Hi all, this is my first post here, I'll try to be as concise (but detailed) as possible without giving too many impl details unless necessary.
I'm trying to implement a data structure in my library that works with traits (trait Entity {}
). It allows to iterate over all the entities, where each entity has a location in a 2-dimensional grid, and it allows fast retrieval of each entity given its position in the grid as well as retrieval of the entity neighbors (mutably and immutably).
The main data structure could be split into 2 main components:
-
The data structure that stores the (strong references to the) entities, currently represented as
HashMap<Id, Rc<RefCell<dyn Entity>>>
-
The data structure that stores the (weak references to the) entities (the grid), currently represented as:
Vec<rc::Weak<RefCell<dyn Entity>>>
(each index is mapped to the 2-dimensional location in the grid)
The data structures are queried in a single threaded engine: I can iterate over each entity, mutate it and query as well as mutate its neighboors. This works well, and the engine implementation guarantees that the same entity will never be borrowed mutably at the same time (and being run in a single thread helps), without the need to use any unsafe
.
Now, this "problem" of having multiple entities located in a 2-dimensional grid parallelized quite well at least in theory, and Rust always had strong guarantees over parallelism and safety. So I decided to refactor the engine to be able to iterate over each entity in parallel, and guarantee that no deadlock would occur (when locking 2 different entities that have each other as neighbor for example).
It works, and the refactoring was relatively easy: it was a matter of adding the necessary Send + Sync
bounds and replace Rc<RefCell>
with the equivalent Arc<RwLock>
for multi-threaded environment.
The only issue is that it is incredibly slow when compared to the single thread version. I profiled the application thanks to flamegraph, and I came to the conclusion that it was due to 2 main factors:
- Number of entities, the benefits of running the engine with multiple threads show only if the number of entities is considerable, especially because each entity task is not very resource consuming, but this is something that may vary depending on the users of my library, therefore with an high number of entities and a more demanding task (both defined by the user of the library) the benefits start to become significant.
-
Arc
andRwLock
overhead is significant, the difference between usingRc<RefCell>
andArc<RwLock>
even when running on a single thread is order of magnitudes slower.
I was quite disappointed, and I can't think to another data structure that would allow me to not incur in such overhead, especially because I should be able to guarantee in the engine implementation that there would never be the need to lock any entity or wrap it in an Arc
by splitting the grid into N + 1 threads and processing each entity and its neighbors sequentially in its own specific thread (where entities that share boundaries are processes in the last 'special' thread last).

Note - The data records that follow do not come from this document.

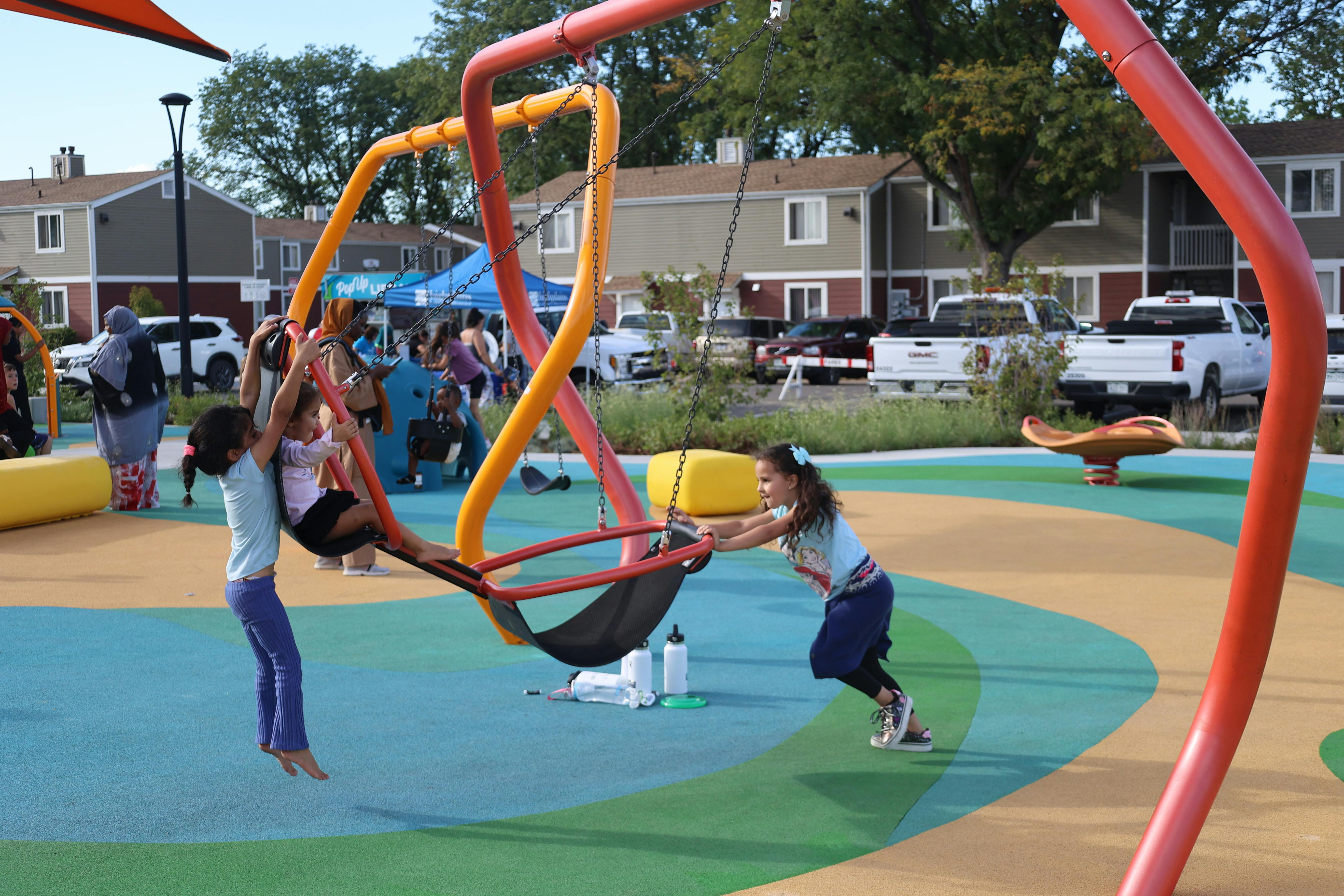 Delta Park Opening Girls on Swings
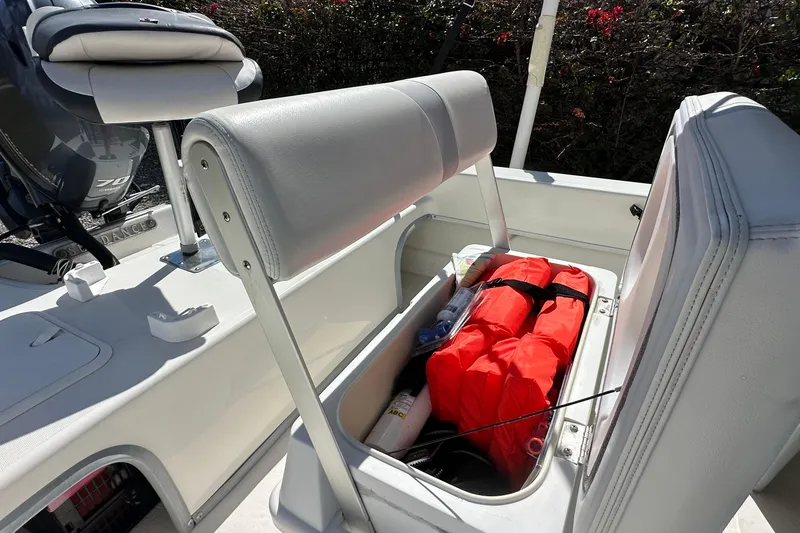 Slide: The Image of 2015 Sundance F19T boat seat storage with life jackets and accessories. - 12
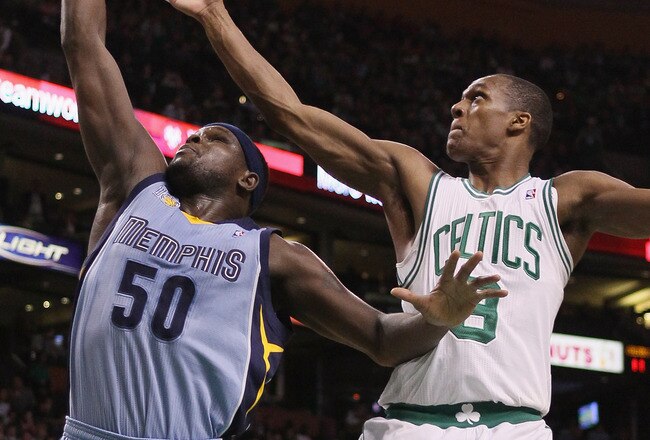 BOSTON, MA - MARCH 23:  Zach Randolph #50 of the Memphis Grizzlies takes a shot as Rajon Rondo #9 of the Boston Celtics defends on March 23, 2011 at the TD Garden in Boston, Massachusetts.  NOTE TO USER: User expressly acknowledges and agrees that, by downloading and/or using this Photograph, User is consenting to the terms and conditions of the Getty Images License Agreement.  (Photo by Elsa/Getty Images)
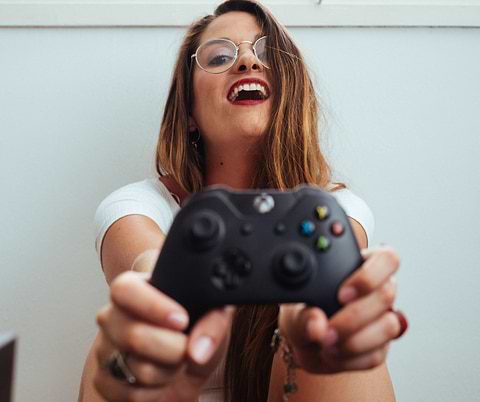 girl playing video games high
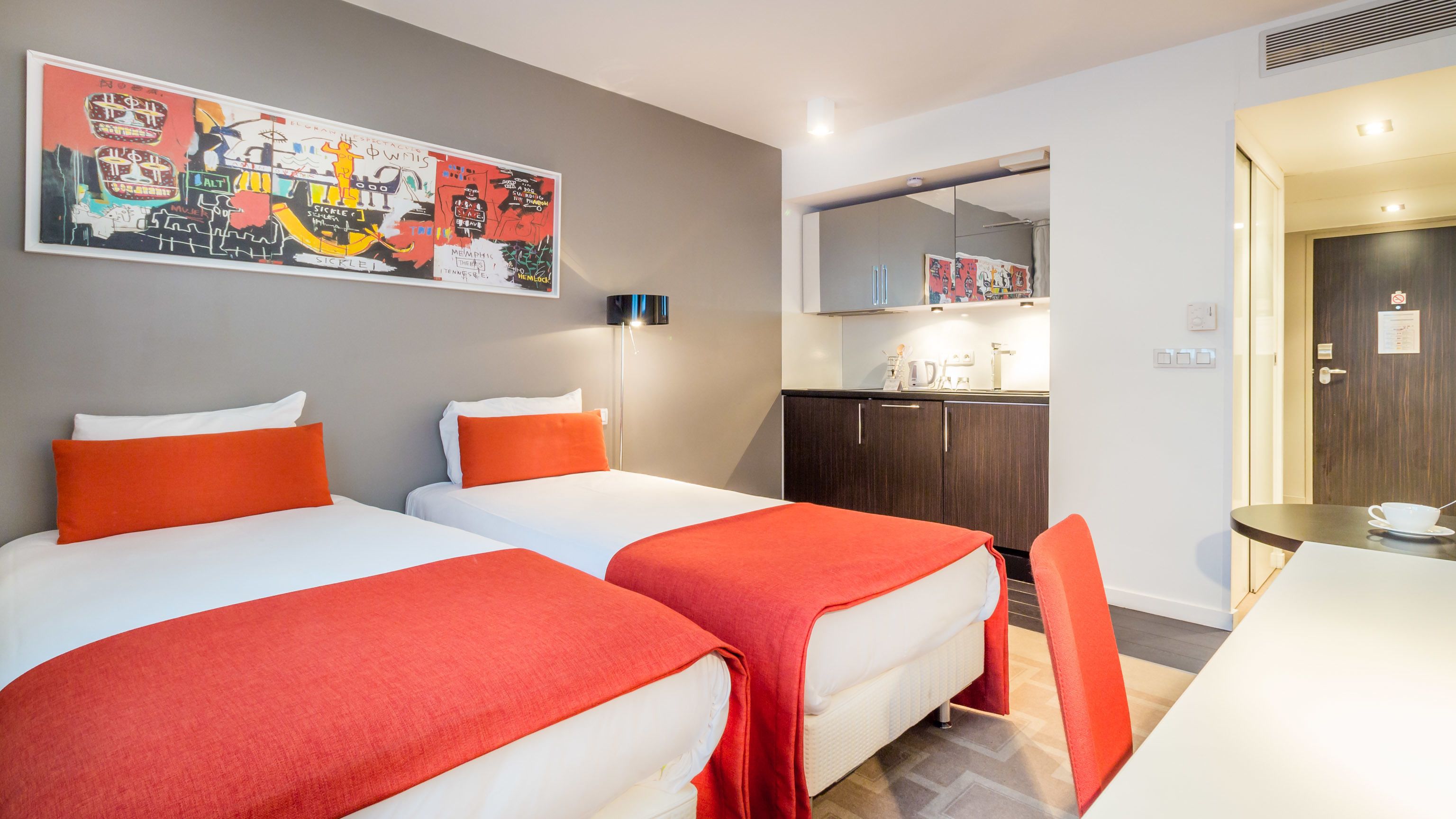 A hotel room with two beds, a kitchenette, and a dining area.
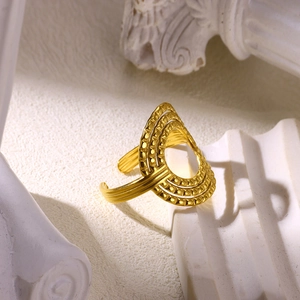 Macro view of gold plated layered geometric ring with hollow textured carved details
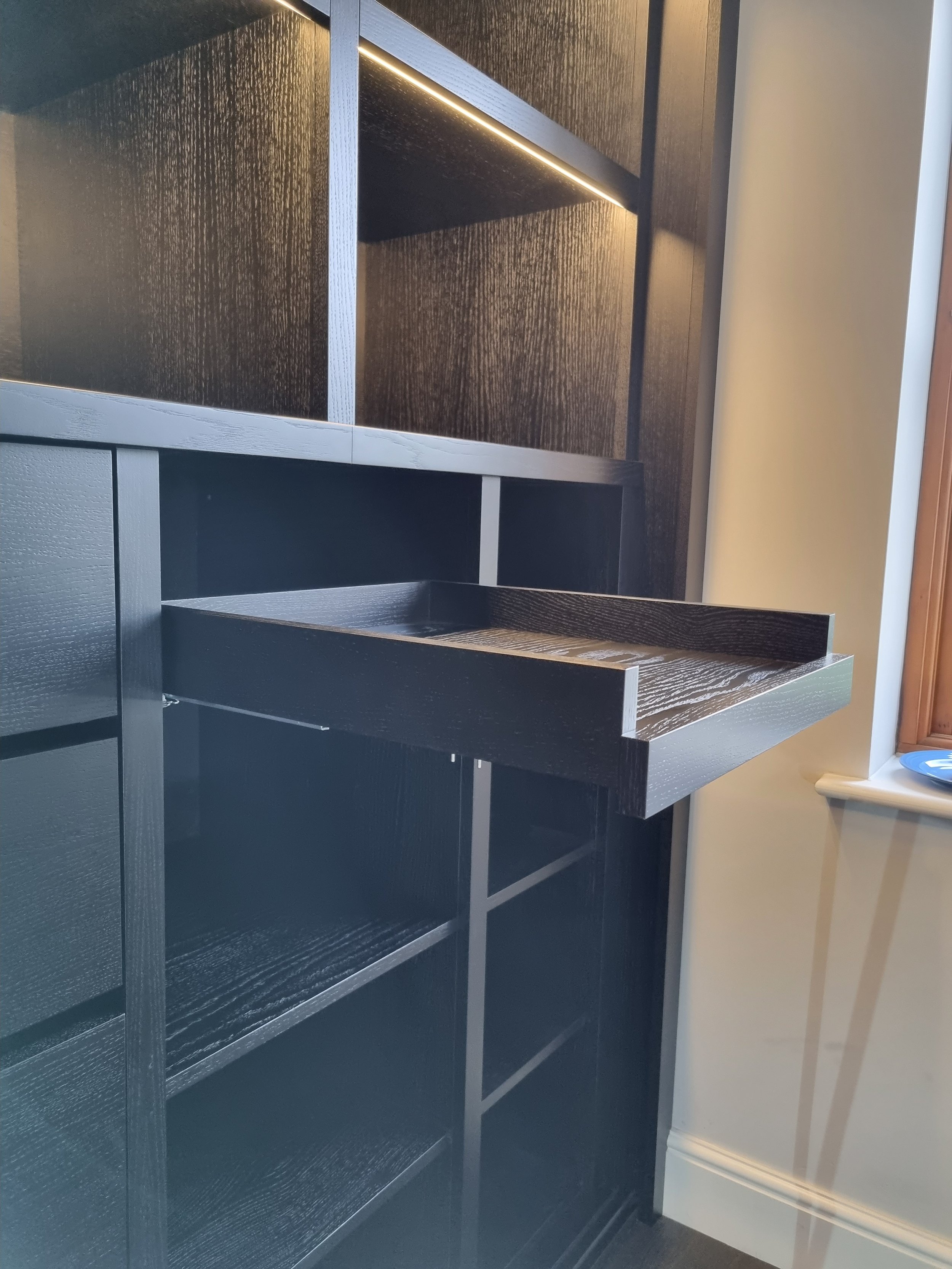 A black wooden shelf unit with open shelves, partially pulled out, located near a window with a blue plate on the windowsill.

Finally, the only solution that came to my mind would be to refactor the data structures to store the strong references as HashMap<Id, Box<dyn Entity>>
and the weak references as Vec<*mut dyn Entity>
, which means making use of raw pointers and lots of unsafe
.
This works (if the implementation of the engine is sound of course), there are no locks, no synchronization overhead due to the Arc
, but it is clearly not ideal: the implementation of the engine may change and with it its guarantees, it relies much more of a sound usage of the library by the users, bugs will be easier to appear, and everything else related to why unsafe
should be avoided.
Is there a better alternative that I might have missed, that would allow not only the user of the library, but the library itself to be as free as possible of unsafe
while being able to achieve high performance?